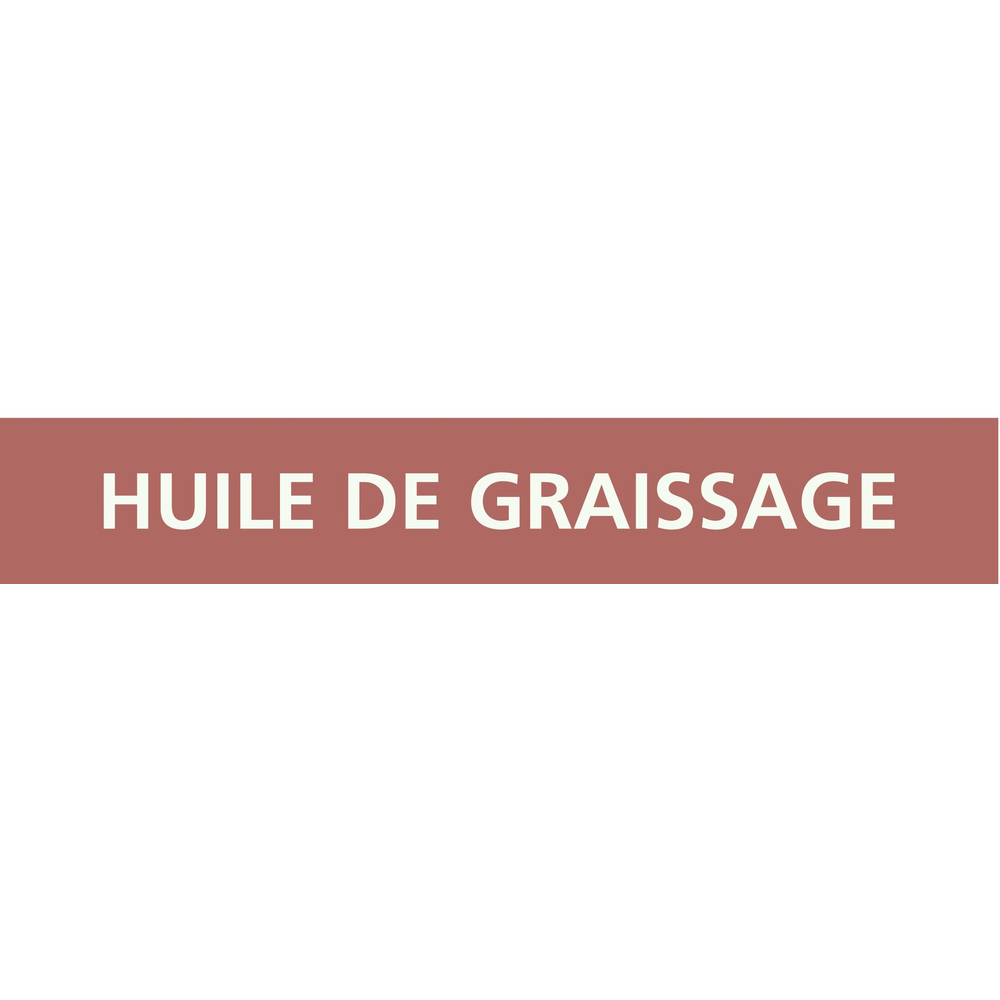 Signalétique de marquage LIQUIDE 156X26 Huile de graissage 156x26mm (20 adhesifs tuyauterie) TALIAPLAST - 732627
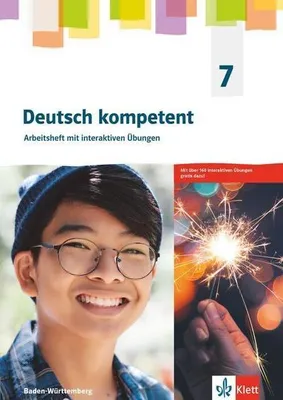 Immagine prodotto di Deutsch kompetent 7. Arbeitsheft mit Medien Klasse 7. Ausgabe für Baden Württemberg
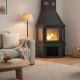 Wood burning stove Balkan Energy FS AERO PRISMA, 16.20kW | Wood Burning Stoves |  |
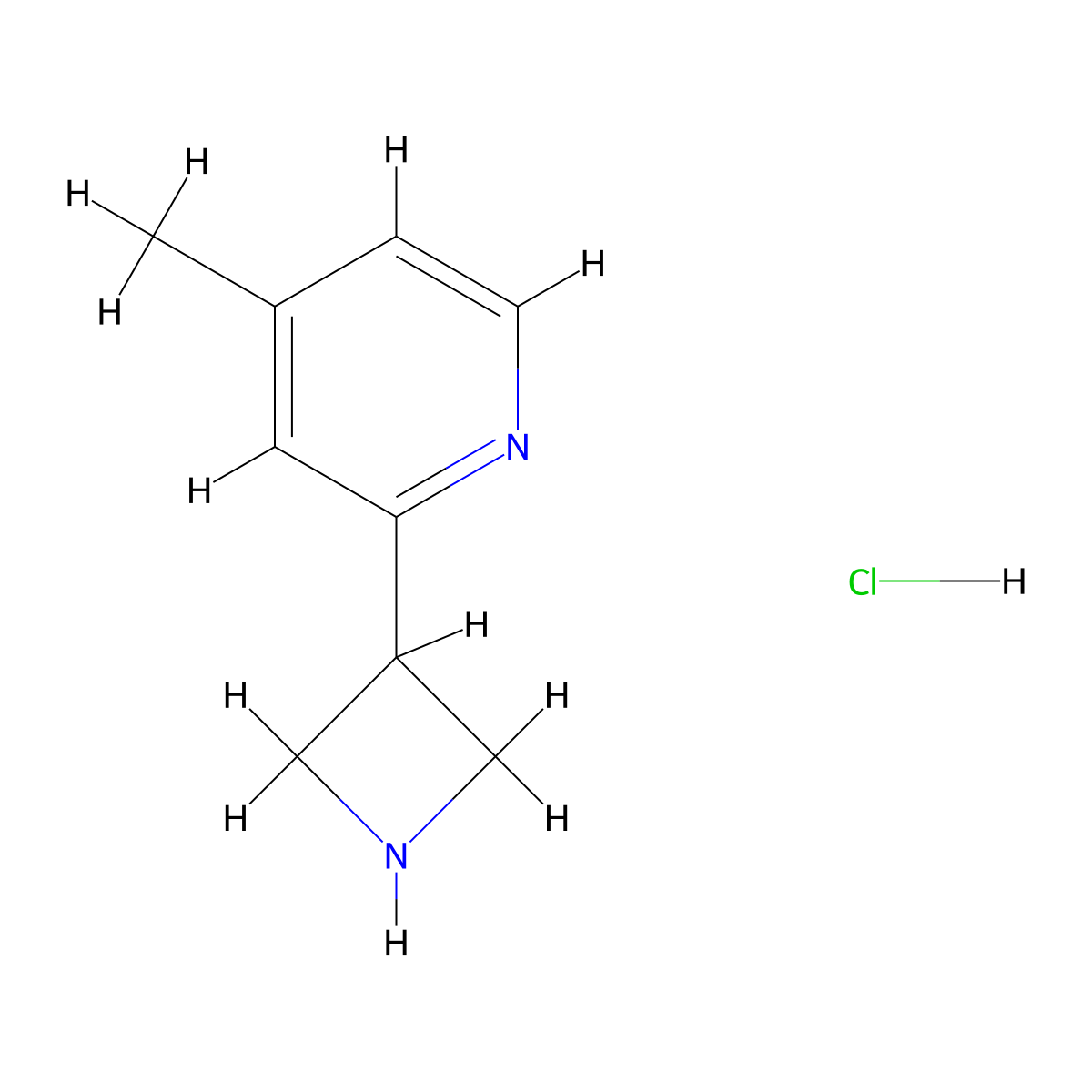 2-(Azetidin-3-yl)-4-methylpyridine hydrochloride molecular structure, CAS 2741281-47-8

☆ ☆ ☆

ASSIGNMENT: The pictures are to be omitted, and the rest of the listing is to be transcribed exactly.

ANSWER SPACE:
 Signalétique de marquage LIQUIDE 156X26 Huile de graissage 156x26mm (20 adhesifs tuyauterie) TALIAPLAST - 732627
 Immagine prodotto di Deutsch kompetent 7. Arbeitsheft mit Medien Klasse 7. Ausgabe für Baden Württemberg
 Wood burning stove Balkan Energy FS AERO PRISMA, 16.20kW | Wood Burning Stoves |  |
 2-(Azetidin-3-yl)-4-methylpyridine hydrochloride molecular structure, CAS 2741281-47-8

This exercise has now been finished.